Ideas
Vaccination drive.
On Monday, 21 June, the day the new vaccination policy took hold, India did a massive 8.59 million vaccinations, including 7.8 million first dosers and 7.87 lakh second dosers. This is such a massive step-up from the 2.5-3.5 million we have averaged in the recent past, that one has to ask if this is a one-day wonder or something more sustainable.
India has always demonstrated one strength and one weakness: the strength is the ability to ramp up high numbers when in mission mode (consider how quickly we ramped up Jan Dhan, Aadhaar, UPI payments, toilet-building, Ujjwala, etc), but we are notoriously wayward when it comes to sustaining momentum. (Consider how many of the toilets or Jan Dhan accounts may be in use now as opposed to the numbers delivered in the first rush of policy enthusiasm).
For a country that gave itself the trio of Brahma-Vishnu-Mahesh, loosely representing creation, maintenance and creative destruction, we start more things that we maintain or send for euthanasia when past their use-by date.
It took us 70 years after Independence to create an insolvency code to put loss-making businesses out of their miseries. But we are still to recognise that maintaining what we already have in working condition is even more important.
Nevertheless, vaccination to save ourselves from Covid can be put in the former category, something that needs sustained interest only for this year and the next (one hopes). This implies that Monday’s skyrocketing vaccination jump makes it possible for us to assume that if the promised two-billion plus doses are available between now and December, we can scale up fairly quickly.
In fact, if Monday is any guide, doing 10-12 million vaccinations a day is quite achievable if the doses are available, as seems likely by August and beyond.
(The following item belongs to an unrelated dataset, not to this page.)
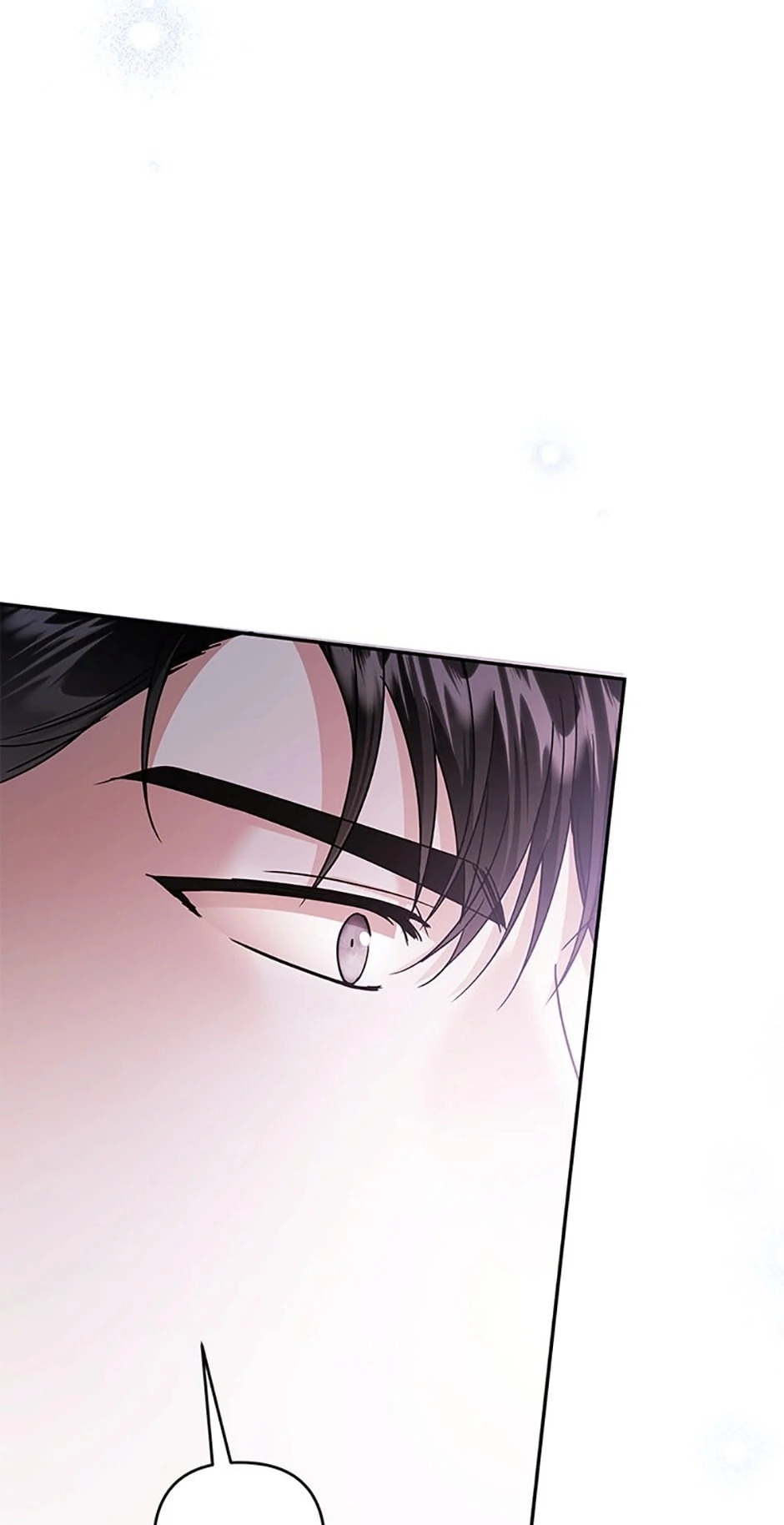 In This Life, I Will Survive Until the End Chapter 41 Page 76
That is once Covishield and Covaxin production is ramped up, Sputnik-V production spurts, and ZyCov-D gets its emergency use approval, not to mention the Novavax and Biological E vaccines now underway. Or, for that matter, the Pfizer and Moderna vaccines that may yet be imported if we give them substantial waivers from legal liabilities.
The only real constraints for our vaccination escalation will be recipient hesitancy, and cascading the dosages to the rural heartland, especially in the Hindi belt.
One, we have to substantially escalate our media messaging to the heartland, and use appropriate models and information systems for reaching 100 per cent of the adult target audience (TV, radio, hoardings, print, etc).
If you are targeting rural Bihar, some Bhojpuri film stars may be better than merely relying on Nitish Kumar’s appeals. If you are addressing the Muslim community, use people they are comfortable with. Horses for courses.
Two, extraordinary effort needs to be put into the supply chain’s efficiency. Right now, only two manufacturers exist, but once this number rises to five or six, the logistics (including the cold chain) of delivery from manufacturer to the last rural outpost needs to be worked out. This is a job for the corporate sector, which has competencies in this sector.
The Centre has guaranteed 15-day visibility to states on available supplies, and this is good. It is now upto states to make sure that they use this information to optimise both vaccinations and usage without wastage.
In the coming few days, we will see the 18-44 age group overtake the 45-60 group, currently reporting a total of 80 million and 88 million doses respectively (as around noon on 22 June).
This implies that the most mobile and productive age groups — and the possible main carriers of the virus — will soon get vaccinated at a frenetic pace. India’s unlock depends on getting as many people from this age group vaccinated as possible in the shortest possible time. It now looks like happening.
Despite some initial stumbles in vaccine policy, we are now getting our act together. Der aaye, durust aaye.